BEGIN AVAILABLE DATA

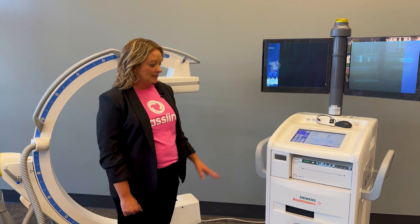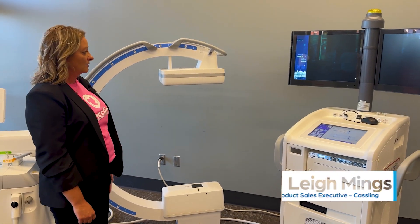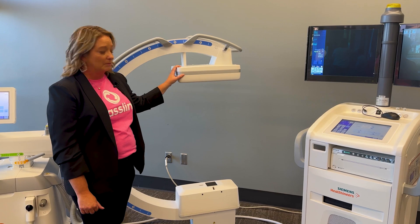I would like to introduce you to the Siemens Seos Flow C-Arm. It is a nice general use C-Arm that you can use from anywhere from pain management procedures to all of general surgery to your neuro spine procedures.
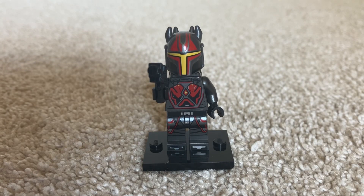Hey guys, Hornetail Bricks here, back in another video. Today we are going to be reviewing the Gar Saxon minifigure from the Mandalorian Starfighter.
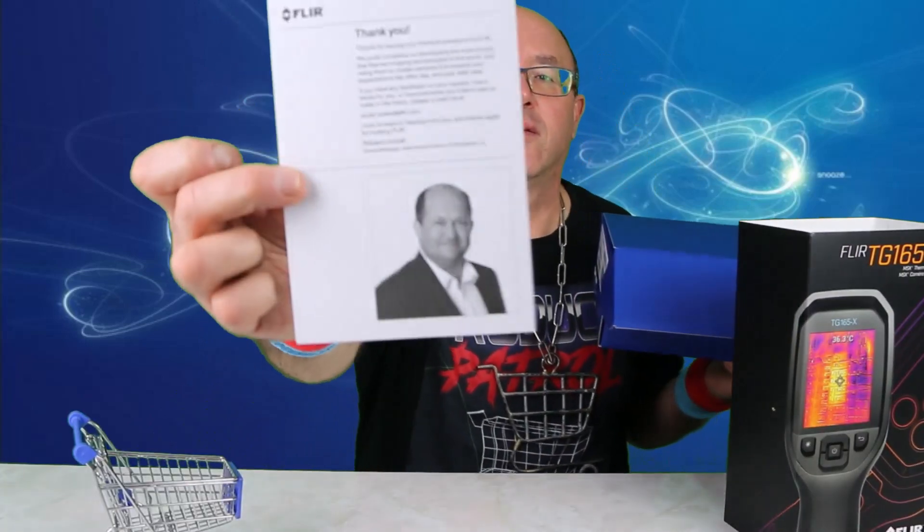We're checking out this FLIR thermal imaging camera. This FLIR camera also has their patented MSX technology, so it makes your thermal images a little bit sharper. It allows a lot more image enhancement for you when you're checking out certain areas that you're scanning.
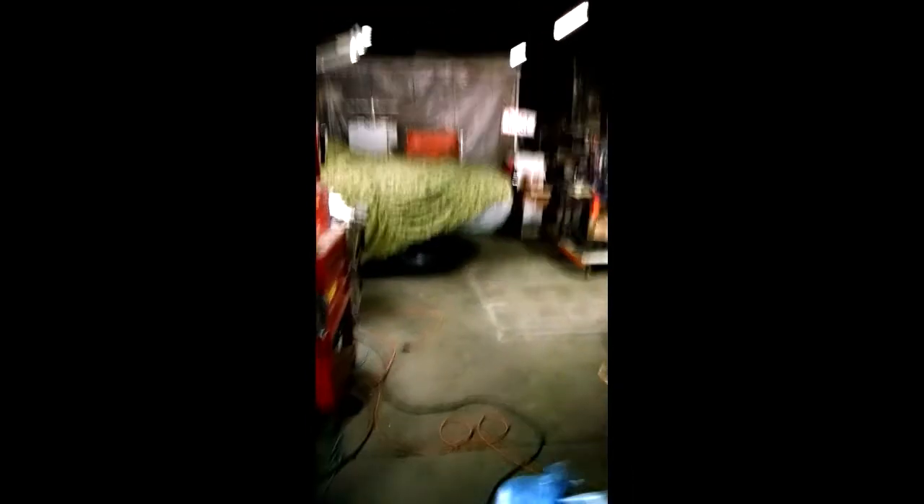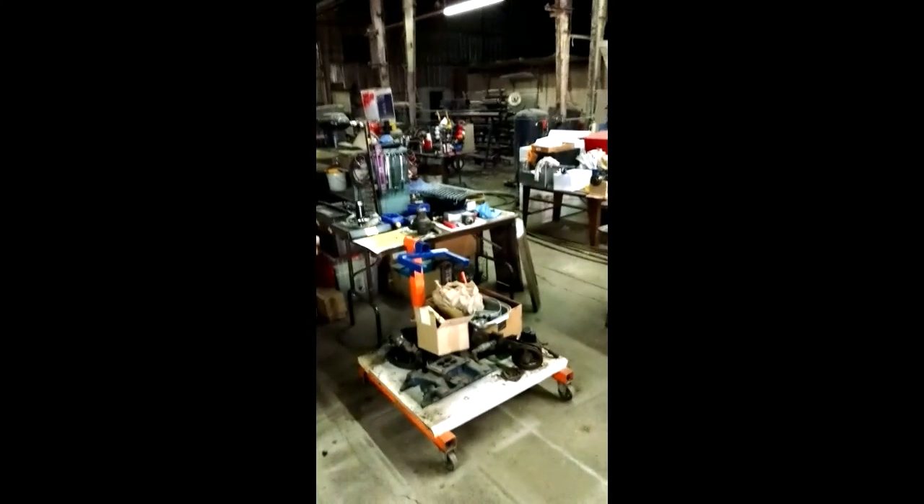Anyway, that gives us a roundabout update on the happenings here in the Team 61 race car shop. Catch you after a bit.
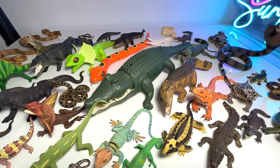So basically this is my reptiles collection — it will definitely be expanding, so stay tuned for more videos. Subscribe if you're not yet a subscriber, and I'll see you guys in the next one. Goodbye!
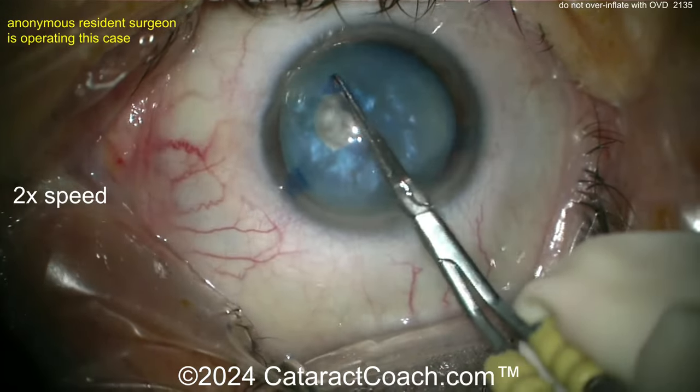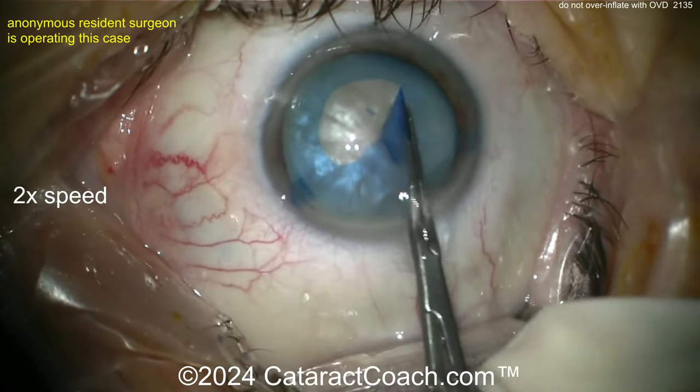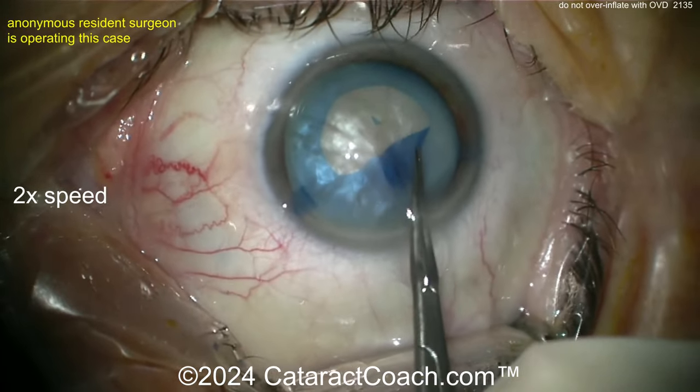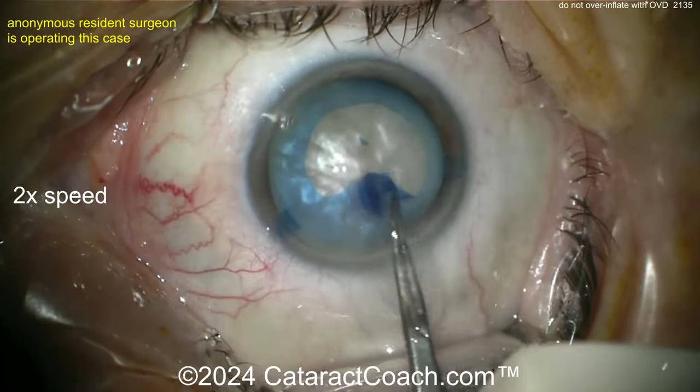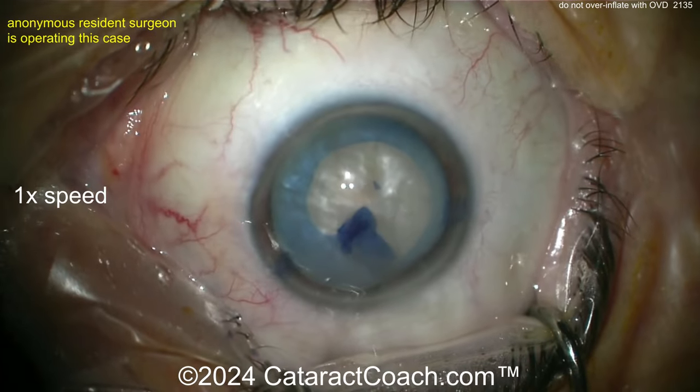Now going over to the capsulorhexis forceps, getting the rhexis completed. That looks pretty good. Now keep it going. Now the little bit of loss of viscoelastic from the incision is going to cause the AC to flatten a little bit. And now you see the rhexis wants to run out.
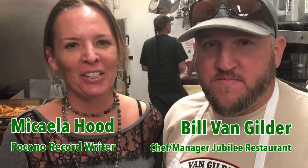You didn't tell me this was a video — it said poking a record. Now we're using high-tech video cameras. Hi, I'm Mikael The Hood with Bill Van Gilder. He's going to teach us how to make the best burger at Jubilee Restaurant.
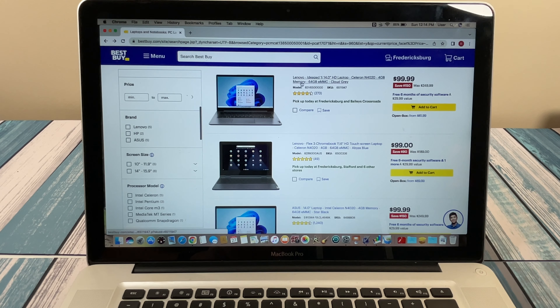We've got a Lenovo IdeaPad 14-inch HD laptop with a Celeron N4020 — a newer Celeron, but it's still a Celeron — 4 GB of memory, 64 GB of eMMC. That's basically a tiny little chip that serves as your hard drive. With 64 GB running Windows 11, about half of that storage will be consumed just by Windows itself, so don't expect much local storage. This type of machine is, for all intents and purposes, no better than a Chromebook because you're going to have to store and access everything on the cloud.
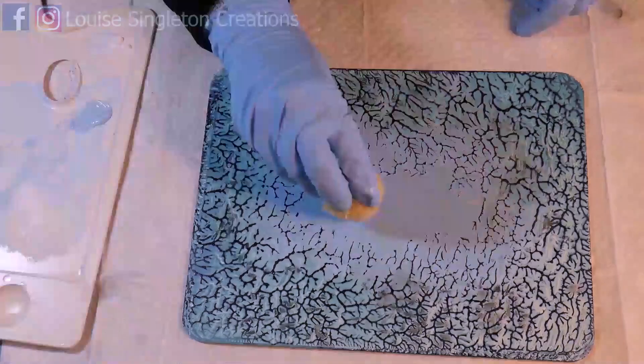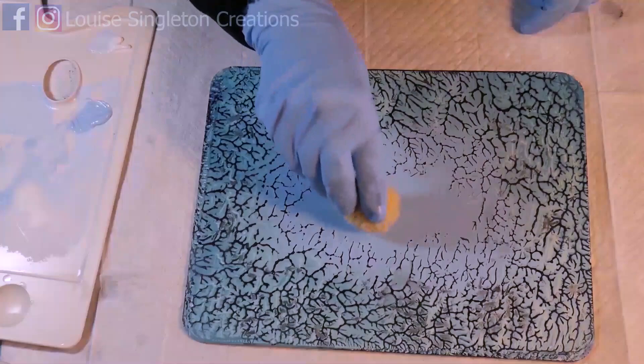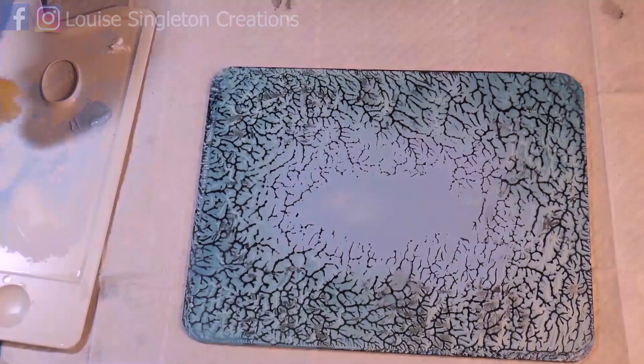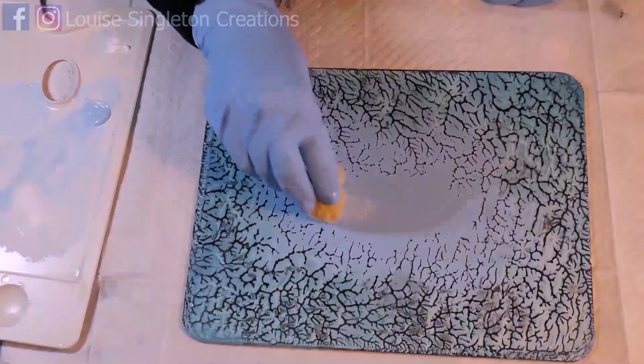I'm using a small natural sponge with some white acrylic paint and just gently sponging it on to make clouds. Actually it's not just white - I mixed it with some of the blue because I didn't want it to be too stark. I wanted it to be more delicate like a proper winter sky with soft clouds - a little bit of white mixed with blue, just sponging it on. Then I can put my sun or moon on top once it's dry.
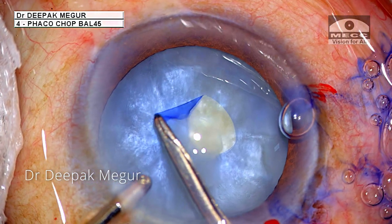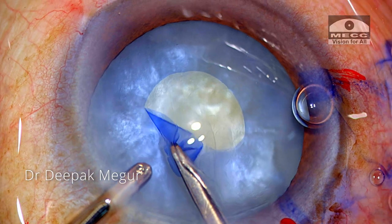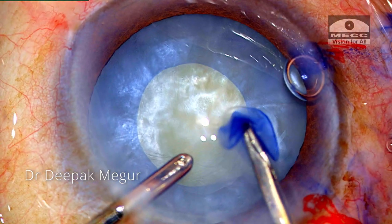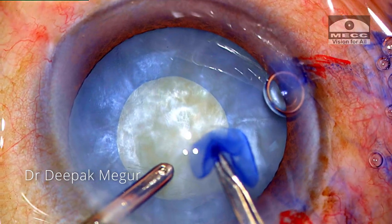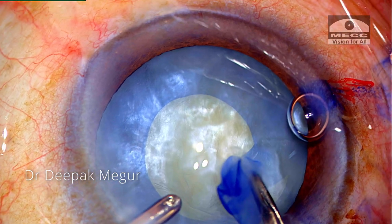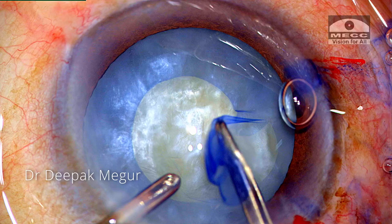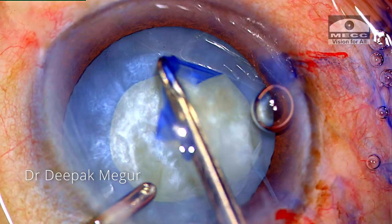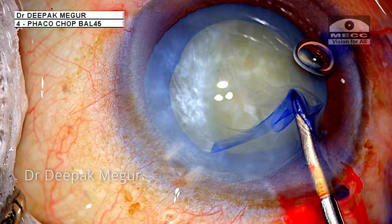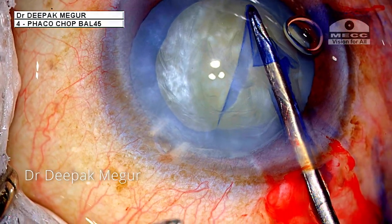Moving on to the last case — I am a little overconfident here. The initial tear is indicating a bigger rhexis to begin with, and so far so good. But at this point it does not look good. Timely recognition and keeping the flap flat, then pulling it centripetally, prevents it from running towards the equator. The whirling technique is then continued to achieve a decent-sized rhexis.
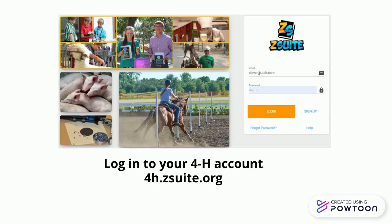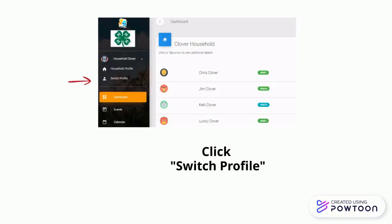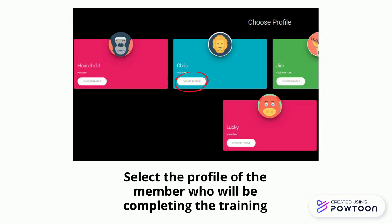To complete the 4-H volunteer training course, log in to your 4-H account at 4h.zsuite.org. Click Switch Profile in the upper left corner. It may be necessary to click on the Household tab to expand the menu. Select the profile of the member who will be completing the training.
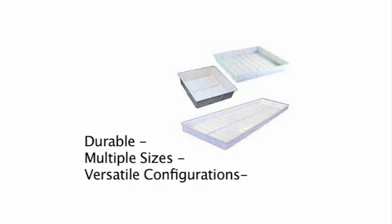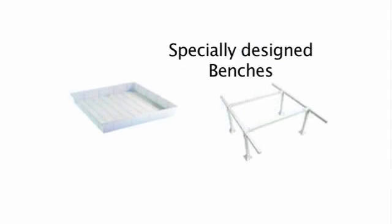We carry and suggest Botanicare grow trays and reservoirs. Made from high-impact ABS plastic, Botanicare grow trays and reservoirs are designed to last for years. Trays come in all sizes and all trays can be drilled and plumbed for ebb and flow use. Botanicare also offers heavy-duty metal benches specifically designed for their trays.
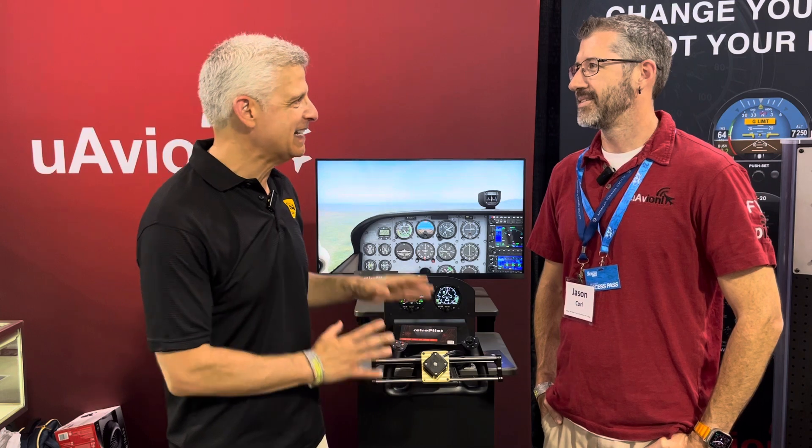You wanted more information — that's what everybody wanted after our last video from U Avionics here at AirVenture 2023. More information on the RetroPilot, because this thing is cool. I love it when we're pushing technology, even just experimenting and seeing what's out there. I'm here with Jason Koral of U Avionics, and we're going to talk a little bit more about what this is.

END AVAILABLE DATA

WORK REQUEST: Return all the data exactly, and keep the pictures out.

EXERCISE RESPONSE:
I would like to introduce you to the Siemens Seos Flow C-Arm. It is a nice general use C-Arm that you can use from anywhere from pain management procedures to all of general surgery to your neuro spine procedures.
Hey guys, Hornetail Bricks here, back in another video. Today we are going to be reviewing the Gar Saxon minifigure from the Mandalorian Starfighter.
We're checking out this FLIR thermal imaging camera. This FLIR camera also has their patented MSX technology, so it makes your thermal images a little bit sharper. It allows a lot more image enhancement for you when you're checking out certain areas that you're scanning.
Anyway, that gives us a roundabout update on the happenings here in the Team 61 race car shop. Catch you after a bit.
So basically this is my reptiles collection — it will definitely be expanding, so stay tuned for more videos. Subscribe if you're not yet a subscriber, and I'll see you guys in the next one. Goodbye!
Now going over to the capsulorhexis forceps, getting the rhexis completed. That looks pretty good. Now keep it going. Now the little bit of loss of viscoelastic from the incision is going to cause the AC to flatten a little bit. And now you see the rhexis wants to run out.
You didn't tell me this was a video — it said poking a record. Now we're using high-tech video cameras. Hi, I'm Mikael The Hood with Bill Van Gilder. He's going to teach us how to make the best burger at Jubilee Restaurant.
We've got a Lenovo IdeaPad 14-inch HD laptop with a Celeron N4020 — a newer Celeron, but it's still a Celeron — 4 GB of memory, 64 GB of eMMC. That's basically a tiny little chip that serves as your hard drive. With 64 GB running Windows 11, about half of that storage will be consumed just by Windows itself, so don't expect much local storage. This type of machine is, for all intents and purposes, no better than a Chromebook because you're going to have to store and access everything on the cloud.
I'm using a small natural sponge with some white acrylic paint and just gently sponging it on to make clouds. Actually it's not just white - I mixed it with some of the blue because I didn't want it to be too stark. I wanted it to be more delicate like a proper winter sky with soft clouds - a little bit of white mixed with blue, just sponging it on. Then I can put my sun or moon on top once it's dry.
Moving on to the last case — I am a little overconfident here. The initial tear is indicating a bigger rhexis to begin with, and so far so good. But at this point it does not look good. Timely recognition and keeping the flap flat, then pulling it centripetally, prevents it from running towards the equator. The whirling technique is then continued to achieve a decent-sized rhexis.
To complete the 4-H volunteer training course, log in to your 4-H account at 4h.zsuite.org. Click Switch Profile in the upper left corner. It may be necessary to click on the Household tab to expand the menu. Select the profile of the member who will be completing the training.
We carry and suggest Botanicare grow trays and reservoirs. Made from high-impact ABS plastic, Botanicare grow trays and reservoirs are designed to last for years. Trays come in all sizes and all trays can be drilled and plumbed for ebb and flow use. Botanicare also offers heavy-duty metal benches specifically designed for their trays.
You wanted more information — that's what everybody wanted after our last video from U Avionics here at AirVenture 2023. More information on the RetroPilot, because this thing is cool. I love it when we're pushing technology, even just experimenting and seeing what's out there. I'm here with Jason Koral of U Avionics, and we're going to talk a little bit more about what this is.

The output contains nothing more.